M. Carey Thomas and Mary Garrett – lives in letters

Following on from our previous posts by Bryn Mawr College student worker Amanda Fernandez (click here to see her first post specifically on the Thomas collection letters), I’m returning to the topic of letters from a different perspective – what the letters between M. Carey Thomas and Mary Garrett reveal about their relationship, and Garrett’s important role on campus during her life here with Thomas.

Mary Garrett

M. Carey Thomas










Before addressing the letters in details, I wanted to include a quick update about how the letters will appear on our site…

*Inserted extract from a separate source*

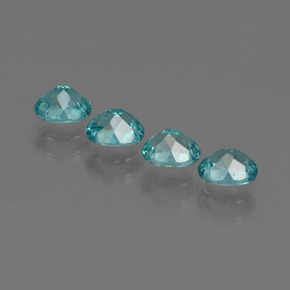 Achetez naturel ct bleue apatite gems, coupe ovale, en provenance madagascar chez gemselect. en stock, livraison internationale!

Letter from Mary Garrett to M. Carey Thomas, 1880. The letter details Mary's recent failure in an examination, which left her feeling embarrassed and deflated. She looked to Thomas as an inspiration in academic terms for her success in passing university exams and going to Europe for her doctoral studies

The letters will be featured in two ways on the site: as a collection which is searchable, showing both digital scans of the original letters (such as you see on the left) and their transcriptions, and as an online Omeka exhibit, which I will be working on in the coming months. The former method will allow for the searching of the letters by year and tag, for example, geographical place, and detailed summaries will be provided on the content.

These are currently being transcribed and the earlier years of their correspondence will appear first, with the collection growing as transcripts are produced. The exhibit, like the others on the site, will lead you through the broader narratives of their letters and the events of their lives, first as friends within a social circle that included shared friends and activists, later as living companions and fellow suffragists.

As Kathleen Waters Sander, Mary Garrett’s biographer has noted, Garrett was a figure of much interest in her day, but sadly her name has been somewhat forgotten in the realm of philanthropy and activism.  As Waters Sander comments in Mary Elizabeth Garrett: Society and Philanthropy in the Gilded Age (Johns Hopkins University Press: 2008), Mary was

a favorite of the turn-of-the-century press, who were fascinated by her unique combination of wealth, activism, business expertise, and extraordinary philanthropy. She became one of the country’s most publicized women, unselfishly using her money and status to transform women’s lives and to break down the barriers that prevented women’s equal participation in society (page1)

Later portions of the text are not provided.